__To do__
Could you reproduce all of the records exactly?

╔══

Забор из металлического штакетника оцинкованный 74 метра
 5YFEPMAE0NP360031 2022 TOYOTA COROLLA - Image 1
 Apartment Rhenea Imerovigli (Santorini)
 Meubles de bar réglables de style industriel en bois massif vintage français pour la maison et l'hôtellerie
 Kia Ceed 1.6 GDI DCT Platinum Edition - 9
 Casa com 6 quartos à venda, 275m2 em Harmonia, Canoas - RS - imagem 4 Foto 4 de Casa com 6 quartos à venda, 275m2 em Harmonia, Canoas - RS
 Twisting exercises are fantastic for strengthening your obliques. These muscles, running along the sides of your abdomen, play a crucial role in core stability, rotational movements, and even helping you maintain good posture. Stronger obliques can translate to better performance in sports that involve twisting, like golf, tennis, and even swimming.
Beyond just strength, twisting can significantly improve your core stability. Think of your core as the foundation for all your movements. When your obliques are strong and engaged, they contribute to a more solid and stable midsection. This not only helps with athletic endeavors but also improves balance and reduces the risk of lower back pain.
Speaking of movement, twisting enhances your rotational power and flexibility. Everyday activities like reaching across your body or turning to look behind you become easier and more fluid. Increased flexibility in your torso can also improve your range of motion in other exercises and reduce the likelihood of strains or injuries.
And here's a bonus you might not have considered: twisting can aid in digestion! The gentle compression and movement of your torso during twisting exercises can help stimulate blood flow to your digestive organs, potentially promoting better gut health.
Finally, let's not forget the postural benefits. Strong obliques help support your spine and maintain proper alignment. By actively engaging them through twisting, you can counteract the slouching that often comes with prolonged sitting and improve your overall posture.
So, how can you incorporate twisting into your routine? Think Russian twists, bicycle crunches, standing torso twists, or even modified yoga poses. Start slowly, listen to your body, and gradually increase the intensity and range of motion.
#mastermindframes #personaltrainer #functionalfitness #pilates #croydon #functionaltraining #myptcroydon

╚══

__Finished exercise__
Забор из металлического штакетника оцинкованный 74 метра
 5YFEPMAE0NP360031 2022 TOYOTA COROLLA - Image 1
 Apartment Rhenea Imerovigli (Santorini)
 Meubles de bar réglables de style industriel en bois massif vintage français pour la maison et l'hôtellerie
 Kia Ceed 1.6 GDI DCT Platinum Edition - 9
 Casa com 6 quartos à venda, 275m2 em Harmonia, Canoas - RS - imagem 4 Foto 4 de Casa com 6 quartos à venda, 275m2 em Harmonia, Canoas - RS
 Twisting exercises are fantastic for strengthening your obliques. These muscles, running along the sides of your abdomen, play a crucial role in core stability, rotational movements, and even helping you maintain good posture. Stronger obliques can translate to better performance in sports that involve twisting, like golf, tennis, and even swimming.
Beyond just strength, twisting can significantly improve your core stability. Think of your core as the foundation for all your movements. When your obliques are strong and engaged, they contribute to a more solid and stable midsection. This not only helps with athletic endeavors but also improves balance and reduces the risk of lower back pain.
Speaking of movement, twisting enhances your rotational power and flexibility. Everyday activities like reaching across your body or turning to look behind you become easier and more fluid. Increased flexibility in your torso can also improve your range of motion in other exercises and reduce the likelihood of strains or injuries.
And here's a bonus you might not have considered: twisting can aid in digestion! The gentle compression and movement of your torso during twisting exercises can help stimulate blood flow to your digestive organs, potentially promoting better gut health.
Finally, let's not forget the postural benefits. Strong obliques help support your spine and maintain proper alignment. By actively engaging them through twisting, you can counteract the slouching that often comes with prolonged sitting and improve your overall posture.
So, how can you incorporate twisting into your routine? Think Russian twists, bicycle crunches, standing torso twists, or even modified yoga poses. Start slowly, listen to your body, and gradually increase the intensity and range of motion.
#mastermindframes #personaltrainer #functionalfitness #pilates #croydon #functionaltraining #myptcroydon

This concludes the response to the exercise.